Gaussian Processes with Derivative Information

with an application to the Helmholtz kernel

Published

September 29, 2024

Gaussian Processes

A Gaussian process (GP) is an infinite dimensional stochastic process where any finite subsample of the process follows a multivariate normal distribution (see here for a good visual introduction). Define by \(y \in \mathbb{R}\) the random variable over which we define the GP, and by \(x \in \mathbb{R}^p\) the locations over which the \(y\) are observed. We write \[y \sim \mathcal{GP}(m(x), k(x, x'))\] where \(m: \mathbb{R}^p \rightarrow \mathbb{R}\) and \(k: \mathbb{R}^{p \times p} \rightarrow \mathbb{R}\) are the mean and covariance functions, respectively.

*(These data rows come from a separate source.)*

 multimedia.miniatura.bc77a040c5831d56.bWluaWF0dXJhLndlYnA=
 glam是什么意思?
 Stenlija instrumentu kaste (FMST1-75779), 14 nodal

This is the mathematical definition of the continuous stochastic process, but in the real world world we may only make discrete observations. Define the collection of observations as \(\textbf{y} = (y_1, \dots, y_n)\) with corresponding locations \((x_1, \dots, x_n)\). As per the definition of a GP, the \(\textbf{y}\) thus follow a multivariate normal distribution, so that \[\mathbf{y} \sim \mathcal{N}(\mathbf{\mu}, \Sigma),\] where \[ \mathbf{\mu} = \begin{bmatrix} m(x_1) \\ \vdots \\ m(x_n) \end{bmatrix}, \quad \text{and} \quad \Sigma = \begin{bmatrix} k(x_1, x_1) & \cdots & k(x_1, x_n) \\ \vdots & \ddots & \vdots \\ k(x_n, x_1) & \cdots & k(x_n, x_n) \end{bmatrix}.\]

Observing Derivatives

Consider now we observe the derivatives \(\frac{d}{dx} y \equiv \partial_x y\). Say we wish to remain specifying our beliefs of \(y\) via \(m(\cdot)\) and \(k(\cdot, \cdot)\), how do we incorporate this information?

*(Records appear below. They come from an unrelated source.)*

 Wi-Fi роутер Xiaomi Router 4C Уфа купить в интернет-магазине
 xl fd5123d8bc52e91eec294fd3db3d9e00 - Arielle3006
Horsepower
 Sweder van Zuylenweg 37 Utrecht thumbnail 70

The functions \(m(\cdot)\) and \(k(\cdot, \cdot)\) have been defined in terms of \(x\), and so adjusting them in terms of \(y\) (or, rather, it’s derivative) may not seem immediately intuitive. Instead consider that \(m(x_i) = \mathbb{E}[y_i]\) and \(k(x_i, x_j) = \mathrm{cov}[y_i, y_j]\); this is seen by the roles that \(m(\cdot)\) and \(k(\cdot, \cdot)\) take in the equations above.

Calculating the first two moments of \(\partial_x y\) we get \(\mathbb{E}[\partial_x y] = \partial_x \mathbb{E}[y] = \partial_x m(x)\) and \(\mathrm{cov}[\partial_x y, \partial_{x'} y'] = \partial_{x x'} \mathrm{cov}[ y, y'] = \partial_{x x'} k(x, x')\). Here I have made use of the property of linearity of derivatives, expectations, and covariance operators.

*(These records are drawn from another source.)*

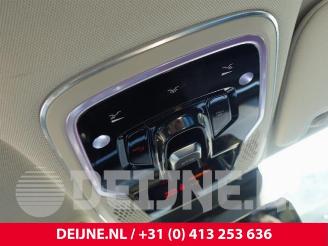 Lynk & Co 01 01, SUV, 2018 1.5 PHEV picture 28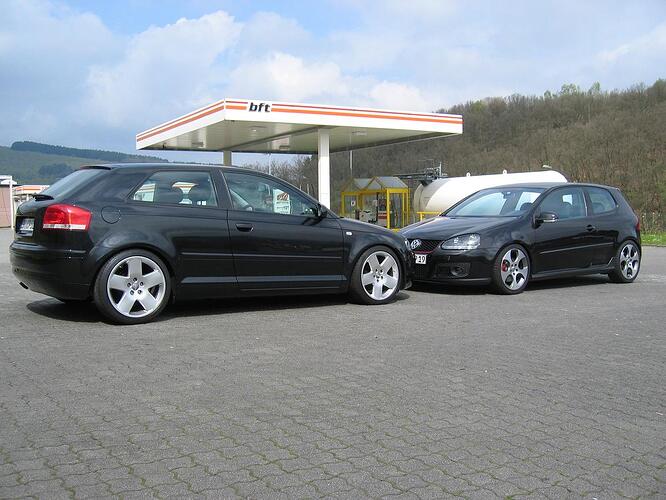 0201168001208006036.jpg|200x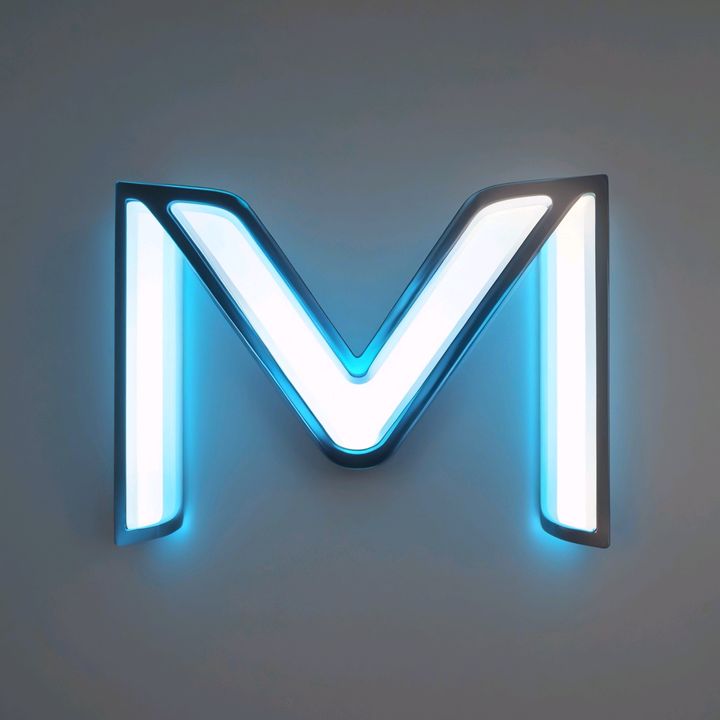 Manfaat AI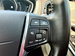Volvo V40 1.6 T4 ES Auto Euro 6 (s/s) 5dr 5dr Automatic 2014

Now define \(\partial_\textbf{x} \textbf{y} = (\partial_{x_1} y_1, \dots, \partial_{x_m} y_m)\) with corresponding locations \((x_1, \dots, x_m)\). Similar to above we may describe \(\partial_\textbf{x} \textbf{y}\) as being sampled from the normal distribution \[\partial_\textbf{x} \textbf{y} \sim \mathcal{N}(\partial_\textbf{x} \mu, \partial_{\textbf{xx}'} \Sigma)\] where \[ \partial_\textbf{x} \mu = \begin{bmatrix} \partial_{x_1} m(x_1) \\ \vdots \\ \partial_{x_m} m(x_m) \end{bmatrix}, \quad \text{and} \quad \partial_{\textbf{xx}'} \Sigma = \begin{bmatrix} \partial_{x_1 x_1} k(x_1, x_1) & \cdots & \partial_{x_1 x_m} k(x_1, x_m) \\ \vdots & \ddots & \vdots \\ \partial_{x_m x_1} k(x_m, x_1) & \cdots & \partial_{x_m x_m} k(x_m, x_m) \end{bmatrix}\].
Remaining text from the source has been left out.